#### Goal of the exercise:
Please restate, word for word, the lines below that begin at the one with "CAMELION ALKALINE LR41/AG3-CS BP4 CAMELION" and end at the one with "Load image into". Leave out all other lines.

#### Material for this exercise:
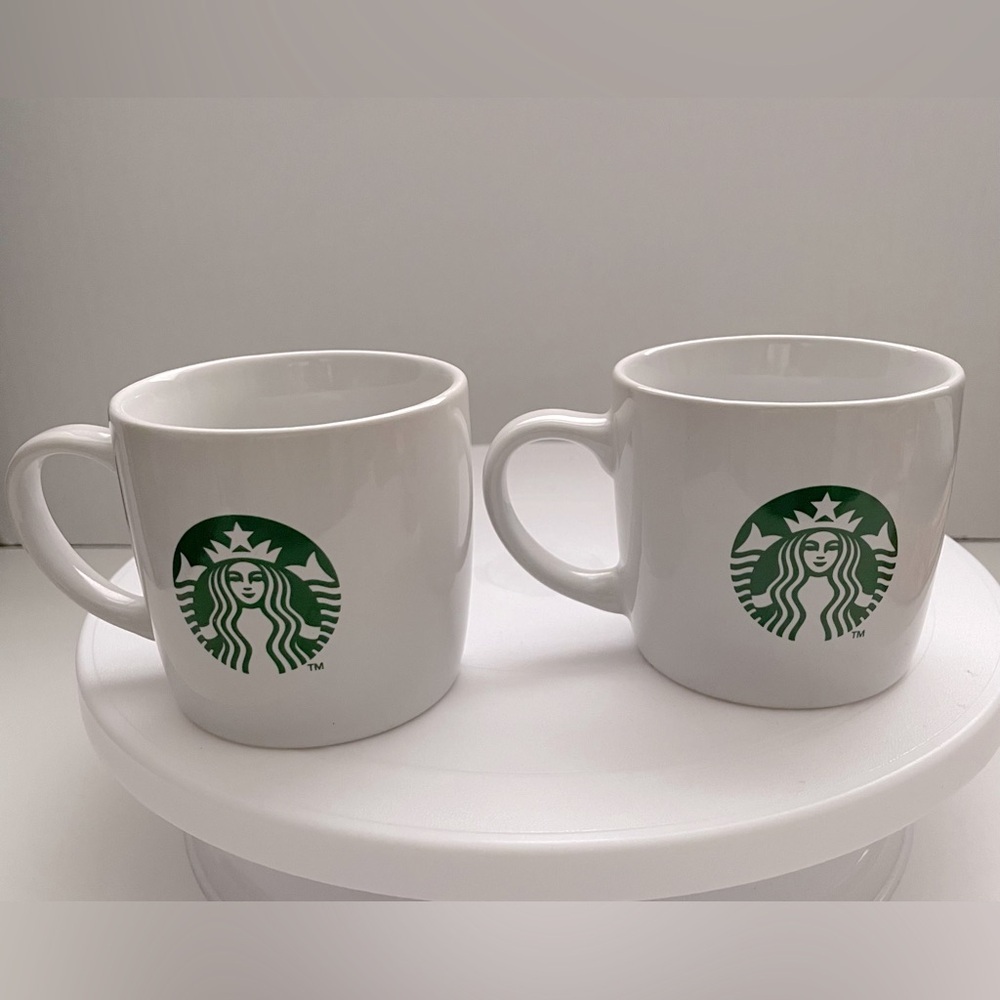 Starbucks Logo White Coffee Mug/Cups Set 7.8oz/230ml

---

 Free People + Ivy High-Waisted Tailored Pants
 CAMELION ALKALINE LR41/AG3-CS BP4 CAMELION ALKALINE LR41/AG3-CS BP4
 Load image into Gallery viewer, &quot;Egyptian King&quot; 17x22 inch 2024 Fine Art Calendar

#### Solution for this problem:
 CAMELION ALKALINE LR41/AG3-CS BP4 CAMELION ALKALINE LR41/AG3-CS BP4
 Load image into Gallery viewer, &quot;Egyptian King&quot; 17x22 inch 2024 Fine Art Calendar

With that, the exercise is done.